The problem: Search the material below for the string "White" and extract each line that has it.

Working data:
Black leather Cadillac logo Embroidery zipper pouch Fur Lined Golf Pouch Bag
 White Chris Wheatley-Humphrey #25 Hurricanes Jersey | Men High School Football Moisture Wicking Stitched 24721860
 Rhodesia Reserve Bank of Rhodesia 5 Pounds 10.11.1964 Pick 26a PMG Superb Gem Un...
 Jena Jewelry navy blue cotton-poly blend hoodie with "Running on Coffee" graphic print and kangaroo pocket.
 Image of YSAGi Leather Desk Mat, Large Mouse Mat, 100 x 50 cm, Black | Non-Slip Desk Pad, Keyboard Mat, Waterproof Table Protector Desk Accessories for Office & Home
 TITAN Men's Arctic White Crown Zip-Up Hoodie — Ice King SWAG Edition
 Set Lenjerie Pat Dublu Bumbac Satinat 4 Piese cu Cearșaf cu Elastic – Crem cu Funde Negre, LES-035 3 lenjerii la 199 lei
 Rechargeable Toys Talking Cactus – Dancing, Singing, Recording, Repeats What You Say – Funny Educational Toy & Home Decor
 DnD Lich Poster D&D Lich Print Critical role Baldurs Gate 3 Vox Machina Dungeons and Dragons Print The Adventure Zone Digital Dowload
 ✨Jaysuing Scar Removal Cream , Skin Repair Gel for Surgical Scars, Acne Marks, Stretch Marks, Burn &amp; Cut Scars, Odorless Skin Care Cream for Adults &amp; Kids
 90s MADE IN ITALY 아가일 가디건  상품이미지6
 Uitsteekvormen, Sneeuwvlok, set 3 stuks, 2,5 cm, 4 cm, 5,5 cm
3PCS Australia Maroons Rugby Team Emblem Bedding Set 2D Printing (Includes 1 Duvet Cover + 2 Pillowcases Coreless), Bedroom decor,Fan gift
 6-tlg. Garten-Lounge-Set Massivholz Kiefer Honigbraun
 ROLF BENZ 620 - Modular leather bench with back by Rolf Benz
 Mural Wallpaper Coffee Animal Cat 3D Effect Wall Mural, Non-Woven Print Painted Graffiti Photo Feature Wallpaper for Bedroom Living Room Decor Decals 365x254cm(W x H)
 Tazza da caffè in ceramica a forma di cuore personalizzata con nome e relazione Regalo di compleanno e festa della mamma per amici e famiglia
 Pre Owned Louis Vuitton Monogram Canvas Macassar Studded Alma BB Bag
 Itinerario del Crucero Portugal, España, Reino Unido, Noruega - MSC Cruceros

Answer space:
 White Chris Wheatley-Humphrey #25 Hurricanes Jersey | Men High School Football Moisture Wicking Stitched 24721860
 TITAN Men's Arctic White Crown Zip-Up Hoodie — Ice King SWAG Edition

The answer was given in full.